As Berwick explained, the firefighter's organization had unraveled. The men had lost their ability to think coherently, to act together, to recognize that a lifesaving idea might be possible. This is what happens to all flawed organizations in a disaster, and, he argued, this is what is happening in modern health care. As medicine tries to cope with the advancing complexity of knowledge and treatment, it is falling short in performing even the simplest of its tasks.
To fix medicine, Berwick maintained, we need to do two things: measure ourselves and be more open about what we are doing. We should be routinely comparing the performance of doctors and hospitals, looking at everything from surgical complication rates to how often a drug ordered for a patient is delivered correctly and on time. And, he insisted, hospitals should give patients total access to the information. "'No secrets' is the new rule in my escape fire", he said. He argued that openness would drive improvement, if simply through embarrassment. It would make it clear that the well-being and convenience of patients, not of doctors, were paramount. It would also serve a fundamental moral good, because people should be able to learn about anything that affects their lives.

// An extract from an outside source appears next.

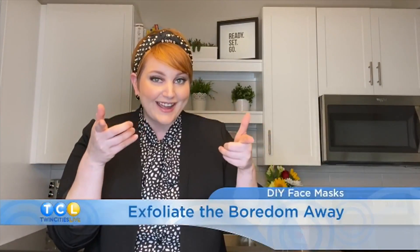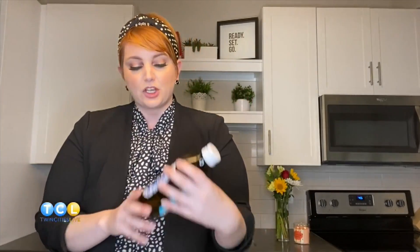Finally, let's exfoliate the boredom away. For this mask you'll need some olive oil or coconut oil and a quarter cup of brown sugar. Dump that in and stir it up. This is meant for exfoliating and moisturizing. I like to put this on my lips if I have chapped lips — leave it on for about five minutes. You can also put it on your face for about 20 minutes, then rinse and pat dry.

In 2005, Don Berwick said in a Newsweek article that "When I climb Mount Rainier I face less risk of death than I face on the operating table." Like all of us, he uses this same system, and is thus not immune to it's failings. He has described his wife's treatment, while she was in the hospital, this way: "One medication was discontinued by a physician's order on the first day of admission and yet was brought by a nurse every single evening fo 14 days straight." His experience is consistent with a Harvard Public Health, 2002 study: "More than 1 in 3 doctors reported errors in their own or a family member's medical care."
Don is perhaps unique in believing that it's possible to increase quality and reduce costs simultaneously. There is no substitute for a passionate change leader who has such a vision, is effective in pathfinding, and is committed to making their ideas stick. His ideas and insight have been focused on the effective delivery of value in the health care system, rather than just implementing change for change's sake, or to make political headlines, and are thus very refreshing. But for any change efforts to be effective, they must confront the constraint of the underlying culture's readiness and willingness to embrace and enable those changes.